[Collection entries]
● ● ● ● ● ● ●

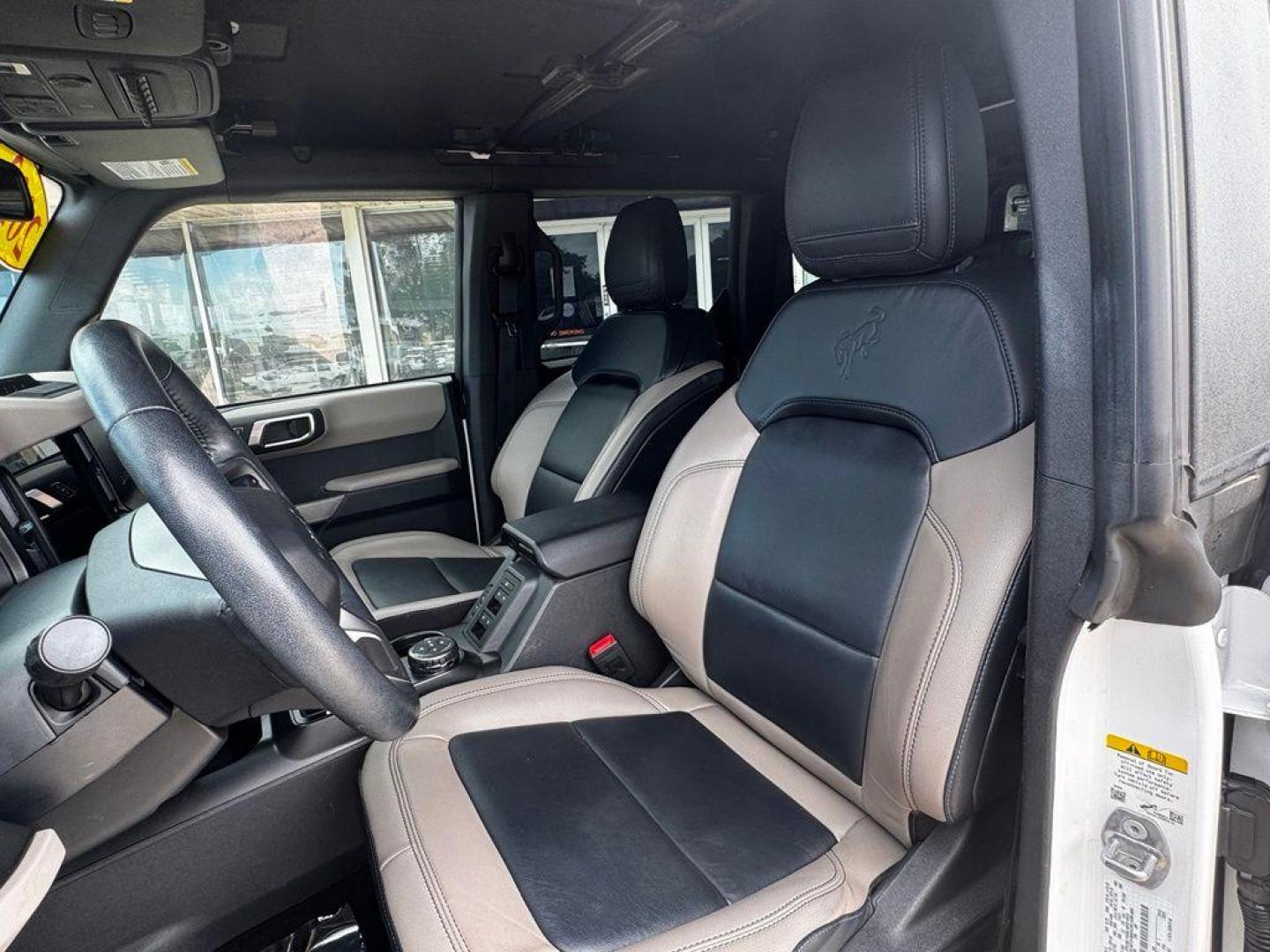 2023 Oxford White /Black Ford Bronco Wildtrak (1FMEE5DP7PL) with an 2.7L EcoBoost V6 engine, Automatic transmission, located at 1105 E Mulberry, Kaufman, TX, 75142, (972) 962-2151, 32.589550, -96.300926 - Oxford White 2023 Ford Bronco 4D Sport Utility Wildtrak 4WD 10-Speed Automatic 2.7L EcoBoost V6 OWNERS BRONCO, NEVER OFF ROAD, HARD TOP, ALL WEATHER MATS.<br><br><br>Recent Arrival! Odometer is 1360 miles below market average!<br><br><br>Please call Paul Murrey Ford Inc. In Kaufman Texas A Family De - Photo#15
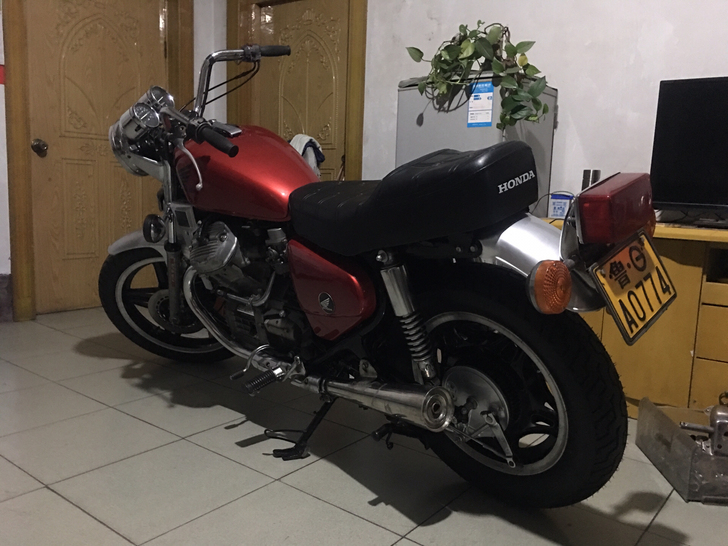 本田GL500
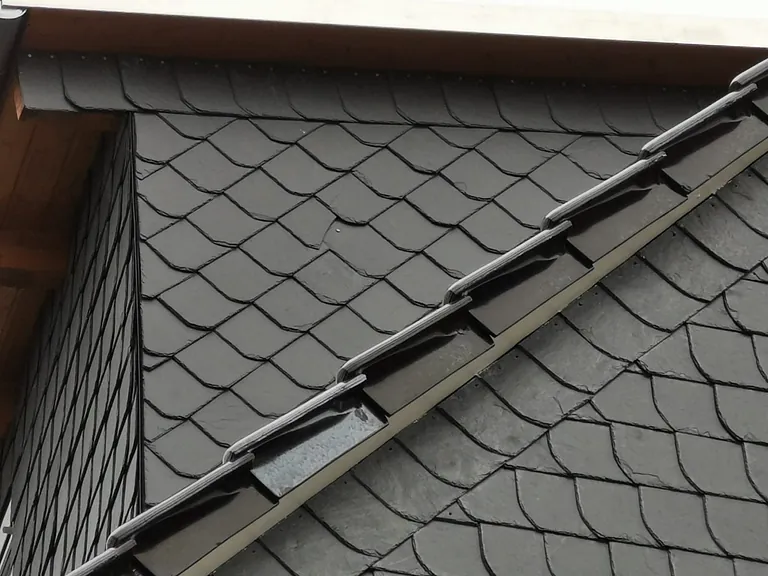 Schieferdach - dachbau-enders.de
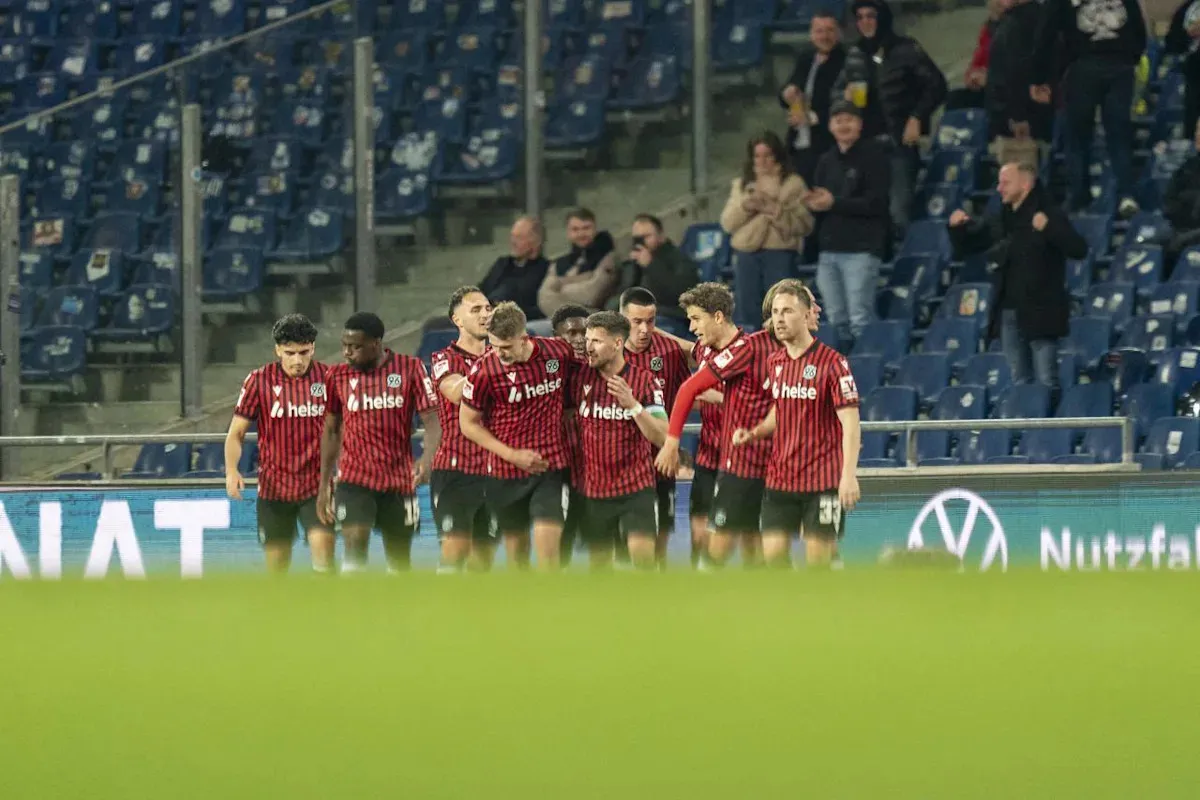 ศึกชิงเก้าอี้ดนตรี! พรีวิว 2. Bundesliga คู่เดือด: Hannover 96 ปะทะ SC Paderborn 07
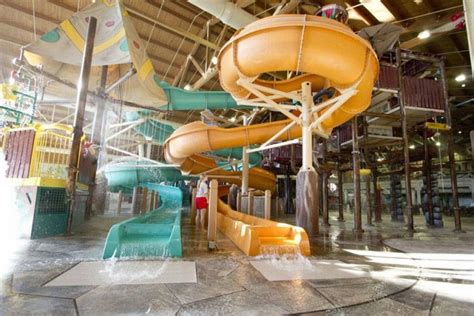 For great deals at great wolf lodge in the wisconsin dells, please see: Hotel in Wisconsin Dells | Great Wolf Lodge Wisconsin ...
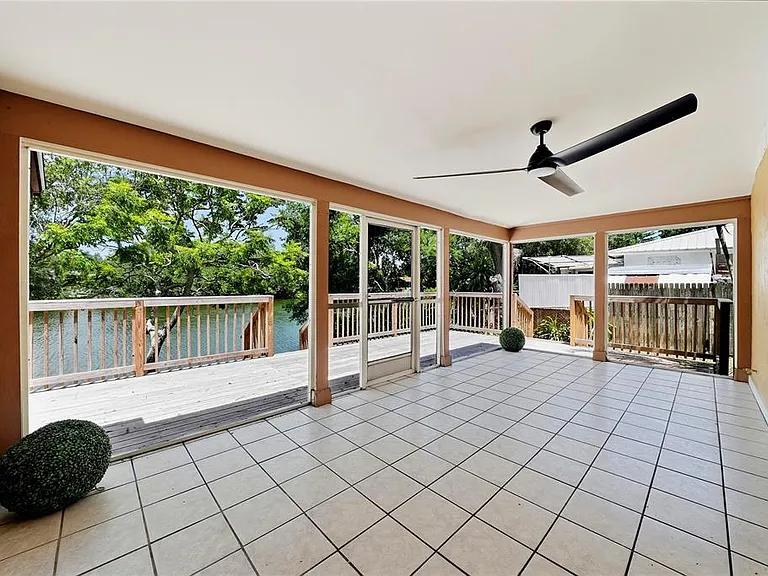 906 Carlton Rd — Photo 20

● ● ● ● ● ● ●

◆ **About this task**: Restate word for word the lines that begin at the one containing "For great deals" and end with the final line of the records. Pictures stay out.

◆ **Answer section**:
 For great deals at great wolf lodge in the wisconsin dells, please see: Hotel in Wisconsin Dells | Great Wolf Lodge Wisconsin ...
 906 Carlton Rd — Photo 20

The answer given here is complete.